- [YOUR ASSIGNMENT]:
In the data below, find the line containing "Click in the" and the line containing "of candidates by", then reproduce them and every line between, exactly. Omit pictures.

- [LISTED RECORDS]:
● ● ● ● ●

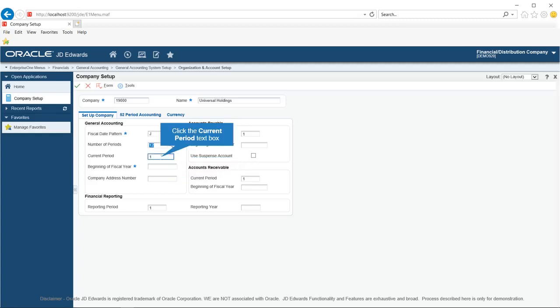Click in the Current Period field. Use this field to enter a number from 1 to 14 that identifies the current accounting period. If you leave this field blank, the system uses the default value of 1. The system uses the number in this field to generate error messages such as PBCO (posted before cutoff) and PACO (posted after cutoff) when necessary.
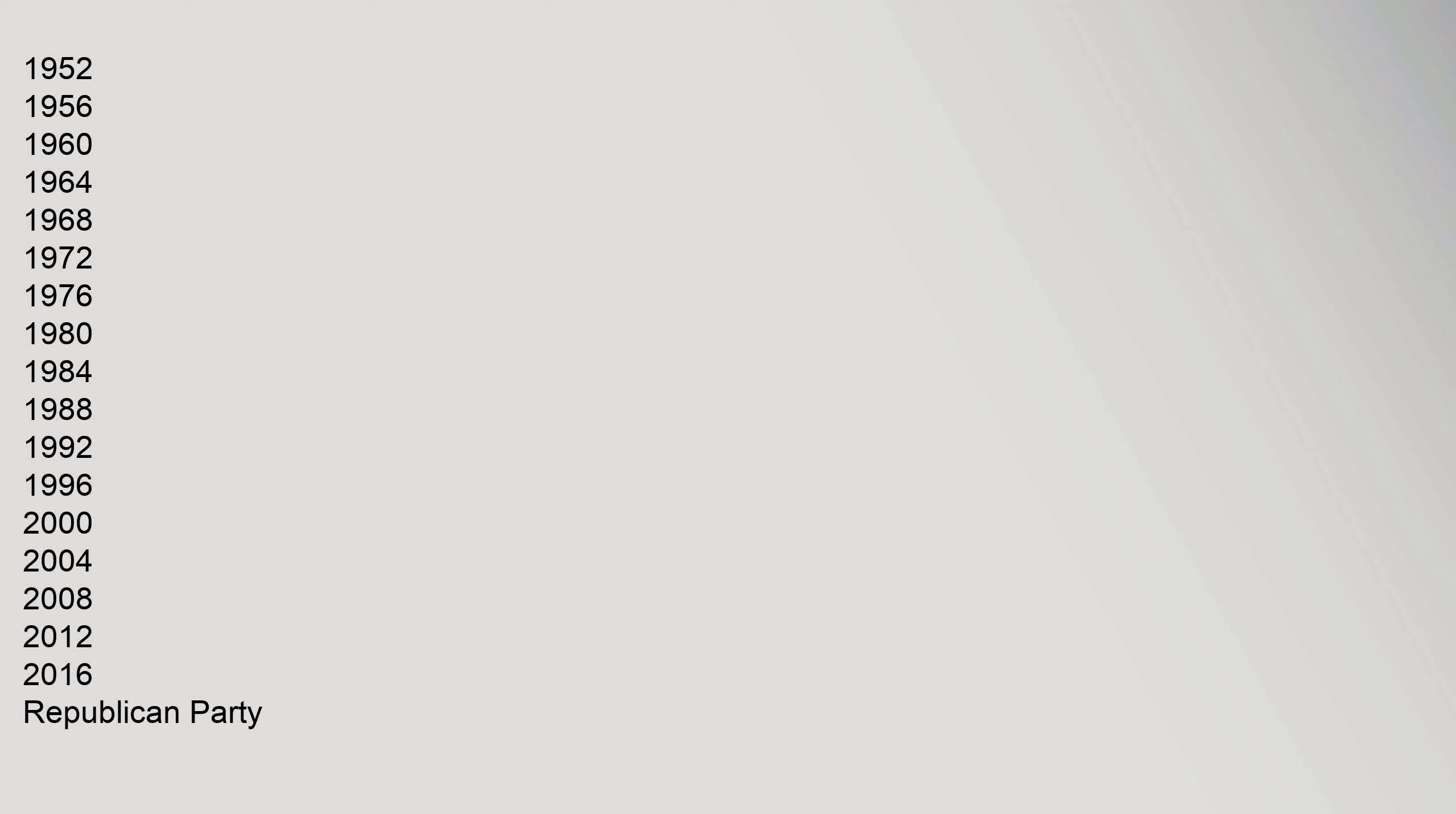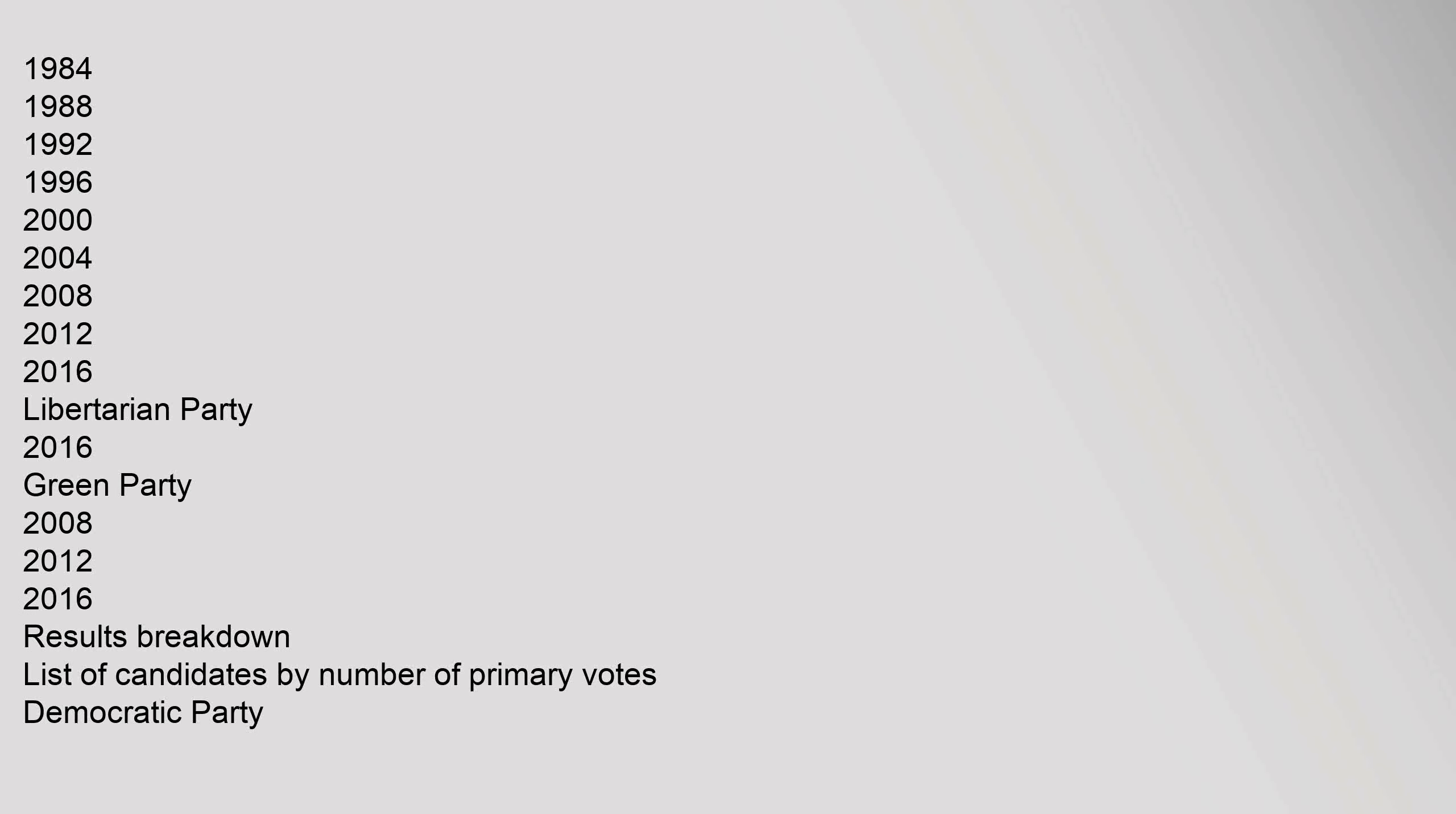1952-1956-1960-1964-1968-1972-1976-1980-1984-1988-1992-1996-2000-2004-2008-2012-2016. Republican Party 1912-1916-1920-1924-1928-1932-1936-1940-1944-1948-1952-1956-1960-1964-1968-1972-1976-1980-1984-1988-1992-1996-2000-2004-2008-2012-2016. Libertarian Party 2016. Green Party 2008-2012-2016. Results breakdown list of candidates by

● ● ● ● ●

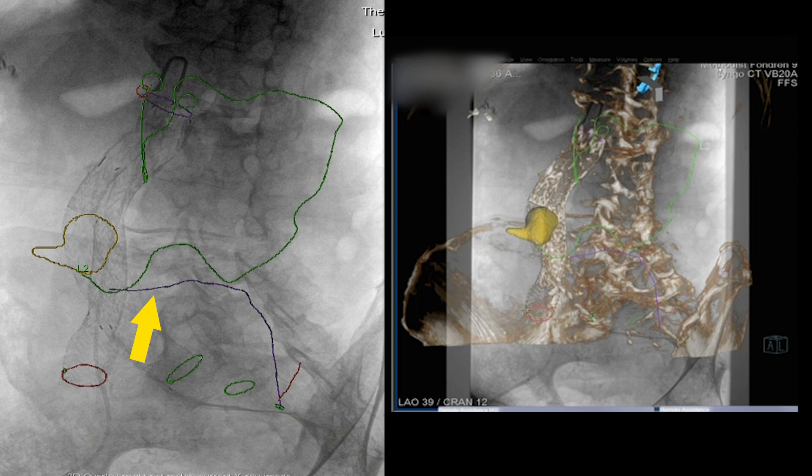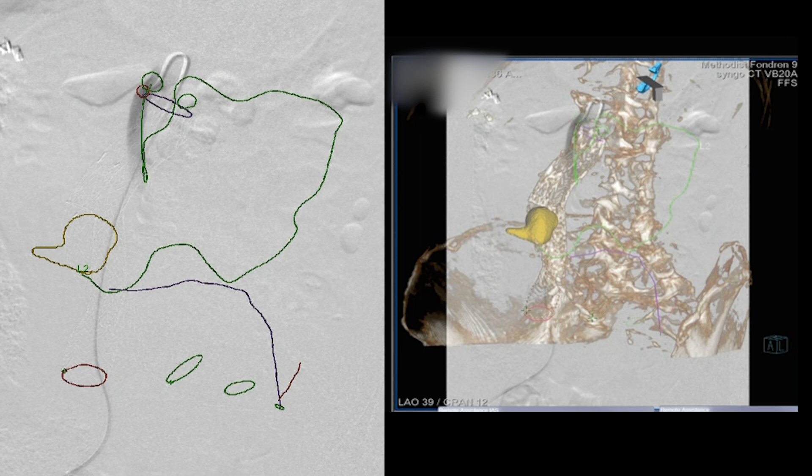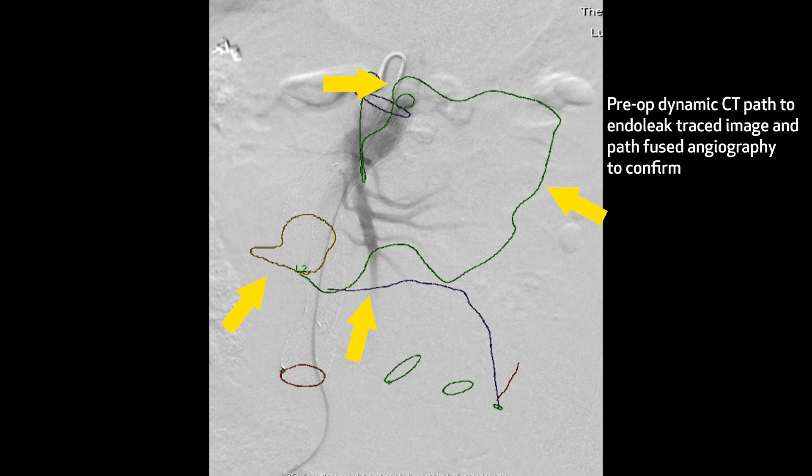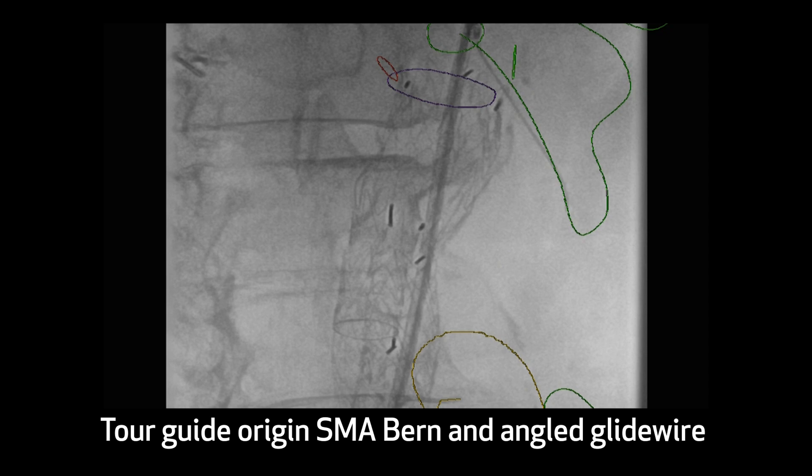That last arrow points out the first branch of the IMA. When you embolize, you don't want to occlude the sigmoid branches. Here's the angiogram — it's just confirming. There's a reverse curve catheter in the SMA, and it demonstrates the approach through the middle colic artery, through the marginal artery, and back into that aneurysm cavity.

● ● ● ● ●

- [FINISHED EXERCISE]:
Click in the Current Period field. Use this field to enter a number from 1 to 14 that identifies the current accounting period. If you leave this field blank, the system uses the default value of 1. The system uses the number in this field to generate error messages such as PBCO (posted before cutoff) and PACO (posted after cutoff) when necessary.
1952-1956-1960-1964-1968-1972-1976-1980-1984-1988-1992-1996-2000-2004-2008-2012-2016. Republican Party 1912-1916-1920-1924-1928-1932-1936-1940-1944-1948-1952-1956-1960-1964-1968-1972-1976-1980-1984-1988-1992-1996-2000-2004-2008-2012-2016. Libertarian Party 2016. Green Party 2008-2012-2016. Results breakdown list of candidates by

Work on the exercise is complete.